For those uninitiated film-goers and those unfamiliar with The Simpson’s episode ‘Bart of Darkness’ (a wonderful homage and well worth 20 minutes of your time) the basic plot of Rear Window is that protagonist LB Jeffries is stuck in his New York apartment during a heatwave due to a broken leg he gained snapping daring photos in his role as a photo-journalist. Finding himself lost for things to do he has little option other to spy on his neighbours – it is after all the height of McCarthyism. While doing so he believes to have discovered that the man in the opposite apartment has murdered and disposed of his wife. As is custom Hitchcock appears briefly in his trademark cameo and Grace Kelly essentially saves the day because she is somewhat stunning. The film seems to be all about unravelling the truth and exploring the ethics of spying on your neighbours even if uncovering a hideous crime. In truth however, the film is about the relationship between LB and his gloriously attractive girlfriend Lisa Freemont.

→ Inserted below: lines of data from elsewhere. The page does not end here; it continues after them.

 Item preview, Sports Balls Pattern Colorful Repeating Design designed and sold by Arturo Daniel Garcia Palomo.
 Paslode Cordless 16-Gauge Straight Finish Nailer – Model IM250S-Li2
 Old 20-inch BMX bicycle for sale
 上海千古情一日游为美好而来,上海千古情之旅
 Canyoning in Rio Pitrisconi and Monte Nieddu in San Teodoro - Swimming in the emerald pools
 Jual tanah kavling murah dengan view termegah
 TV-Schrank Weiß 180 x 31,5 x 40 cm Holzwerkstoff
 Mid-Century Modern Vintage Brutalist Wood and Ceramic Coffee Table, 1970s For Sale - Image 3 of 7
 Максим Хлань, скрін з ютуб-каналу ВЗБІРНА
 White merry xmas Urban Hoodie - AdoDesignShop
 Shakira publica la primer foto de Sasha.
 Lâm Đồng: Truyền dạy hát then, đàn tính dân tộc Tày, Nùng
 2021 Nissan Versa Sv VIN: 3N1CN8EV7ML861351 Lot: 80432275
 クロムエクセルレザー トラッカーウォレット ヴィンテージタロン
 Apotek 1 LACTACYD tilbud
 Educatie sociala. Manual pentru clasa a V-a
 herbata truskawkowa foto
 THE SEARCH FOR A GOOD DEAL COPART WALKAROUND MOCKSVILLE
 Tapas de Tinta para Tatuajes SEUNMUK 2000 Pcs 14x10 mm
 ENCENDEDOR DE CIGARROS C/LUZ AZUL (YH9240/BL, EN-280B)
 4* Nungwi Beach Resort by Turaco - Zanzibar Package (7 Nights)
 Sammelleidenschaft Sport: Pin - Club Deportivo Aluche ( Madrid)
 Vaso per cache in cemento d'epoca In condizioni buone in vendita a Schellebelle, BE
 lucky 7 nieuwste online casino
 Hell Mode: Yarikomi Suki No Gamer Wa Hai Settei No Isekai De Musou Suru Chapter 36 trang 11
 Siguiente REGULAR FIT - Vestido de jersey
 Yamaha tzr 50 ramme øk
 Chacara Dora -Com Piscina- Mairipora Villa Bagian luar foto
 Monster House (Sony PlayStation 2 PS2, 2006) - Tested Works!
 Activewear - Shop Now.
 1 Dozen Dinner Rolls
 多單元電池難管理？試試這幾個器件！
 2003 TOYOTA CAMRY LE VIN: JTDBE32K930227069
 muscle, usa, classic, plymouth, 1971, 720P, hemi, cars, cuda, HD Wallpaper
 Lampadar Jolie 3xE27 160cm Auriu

Lisa desperately wants to settle down with LB. She may be a successful woman in her own right but it is the 1950s so really she has to find a way to please her man and become a housewife. Lisa’s world and LB’s life are so very different that LB is convinced Lisa could never change (heaven forbid he were to alter himself!) and so she sets about showing him otherwise. In one of the most brilliant pieces of cinema ever to exist on celluloid Lisa scales the building opposite and breaks into the murderer’s home to find the required evidence but more importantly to show he beau that she can cut the mustard. The tension created is so intense that even all these years later in the age ‘The Blair Witch’ and such young people still jump and scream as they see her peril creeping closer. The only moment to illicit a stronger reaction is when the ‘killer’ stares down the barrel of LB’s telephoto lens and right into the eyes of the audience. He catches us watching him and lets us know that he is displeased. I have almost had to pick students with weak constitutions up from the floor after that!
But sadly this is my final chance to teach Rear Window. The new Literature course does not have an outcome where film is the focus. I am relishing the chance to pull the film apart for the final time and, yes, I am still finding new things even after all these years.
Hitch really is a master. I love that Rear Window has become the gateway drug to older cinema for my students. I have lost a few copies of ‘North By Northwest’ to the masses after lending them out and I think someone still has a copy of ‘The Birds’ that I need to get back as well. It is gratifying to find that the old stuff really is just as good as the new stuff (I shall not mention LeBeouf’s dreadful reboot of Rear Window in the 2007 crapfest ‘Disturbia’). I sometimes even manage to sneak into my unit the episode of That 70’s Show ‘To Old To Trick Or Treat, To Young To Die’. But take this advice: before you see Fez in fishnets you must go and watch the original and the best – Rear Window.